7% yield? Here’s the Sainsbury’s dividend forecast for 2022 to 2024

Edward Sheldon examines the Sainsbury’s dividend forecast for the years ahead. He also discusses whether he’d buy the stock today.

| More on:

The content of this article was relevant at the time of publishing. Circumstances change continuously and caution should therefore be exercised when relying upon any content contained within this article.

You’re reading a free article with opinions that may differ from The Motley Fool’s Premium Investing Services. Become a Motley Fool member today to get instant access to our top analyst recommendations, in-depth research, investing resources, and more. Learn More.

Close-up of British bank notes

Image source: Getty Images

Sainsbury’s (LSE:SBRY) shares are popular for their sizeable dividend distributions. Last year, the group paid out 13.1p per share in dividends to shareholders which, at the current share price, equates to a yield of about 7.7%.

Is the stock set to continue paying out big dividends in the years ahead? Let’s take a look at the Sainsbury’s dividend forecast for this financial year and next.

Sainsbury’s dividend forecasts

Before I reveal the dividend estimates for the next two financial years, it’s worth mentioning that the company’s fiscal year ends on 5 March. So the year ending 5 March 2023 is FY2023 while the next year is FY2024.

As for the forecasts, at present, analysts expect Sainsbury’s to pay out 12.2p per share for FY2023 and 12.3p per share for FY2024. So the payouts are not expected to be as high as last financial year.
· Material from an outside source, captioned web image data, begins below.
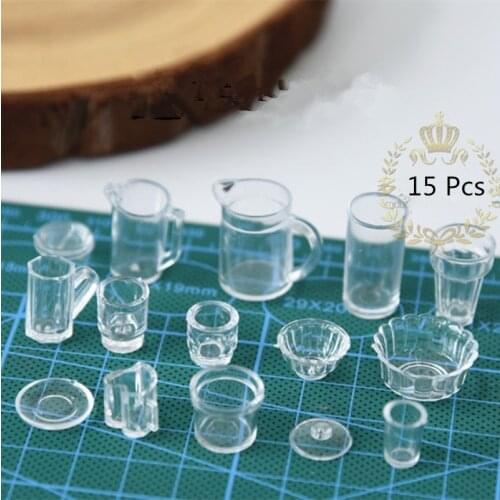 15pcs/lot plate cup dish bowl tableware set Dollhouse Miniature Toy Doll Food Kitchen living room Accessories 1:12 Scale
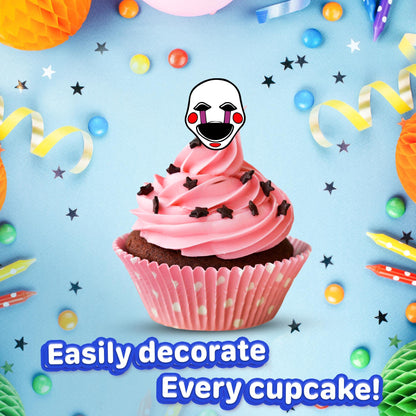 24x Spooky Animatronic Adventure Cupcake Topper Picks – Fun Birthday Party Décor for Kids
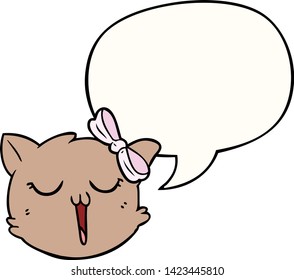 cartoon cat face with speech bubble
They are still quite substantial though. At the current share price of 170p, these estimates equate to yields of around 7.2%. No doubt that kind of yield is attractive in the current environment.

Dividends may be lower

One thing I want to point out however, is that earlier this year, Sainsbury’s said that it was committing to a dividend payout ratio of around 60%. In other words, dividends are likely to be around 60% of earnings.

This is important to keep in mind. Because if profits are lower than expected, due to discounting or higher costs, for example, the dividend may not be high as expected.
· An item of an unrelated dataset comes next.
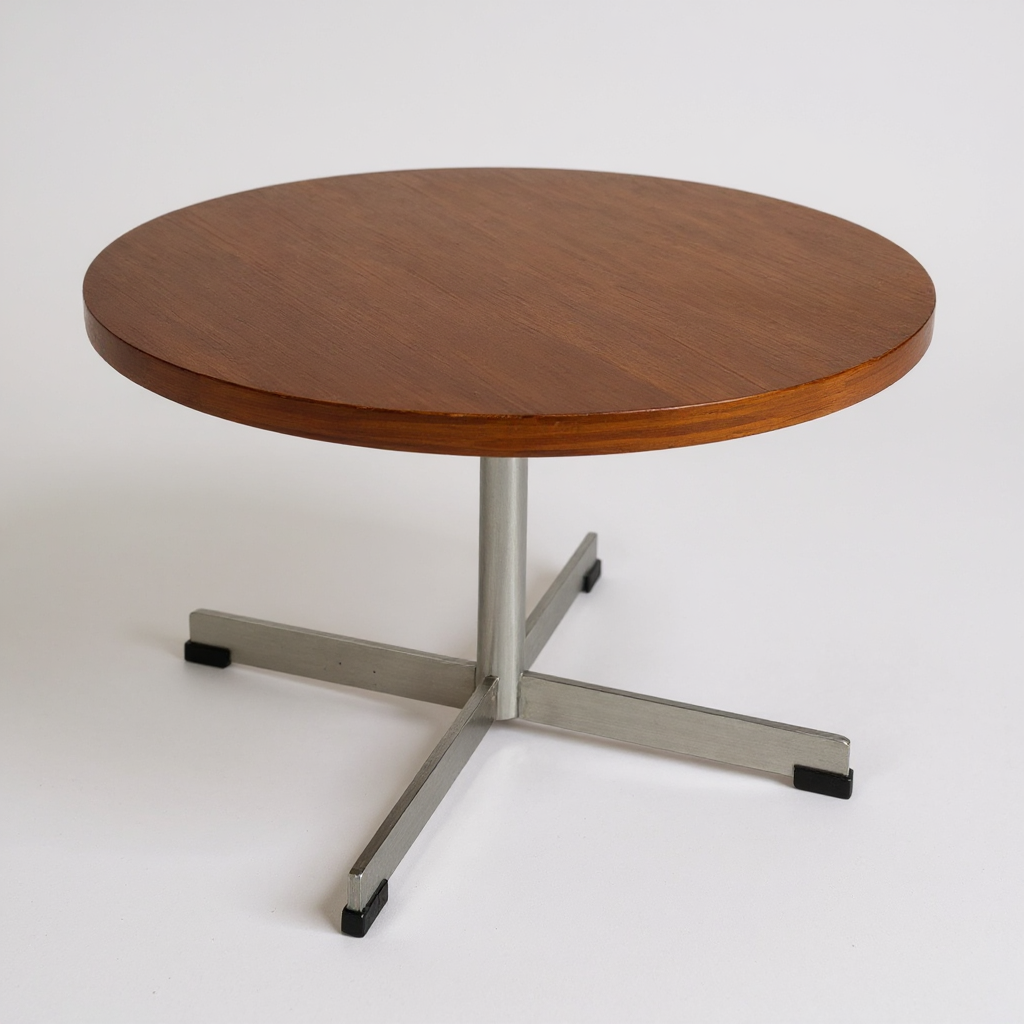 Danish Mid Century Round Coffee Table | Teak & Chrome Cross Base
Right now, analysts expect the company to generate earnings per share of around 20.8p this financial year. However, given the high level of inflation at present (Sainsbury’s just raised pay levels for some workers), it is possible that earnings could come in lower than this.

Are Sainsbury’s shares worth buying?

So would I buy Sainsbury’s shares for my own portfolio in light of the potential dividends on offer? The answer to that is actually no.

When I invest in dividend stocks, I go for companies that have consistently raised their dividends. This style of investing is known as ‘dividend growth investing’.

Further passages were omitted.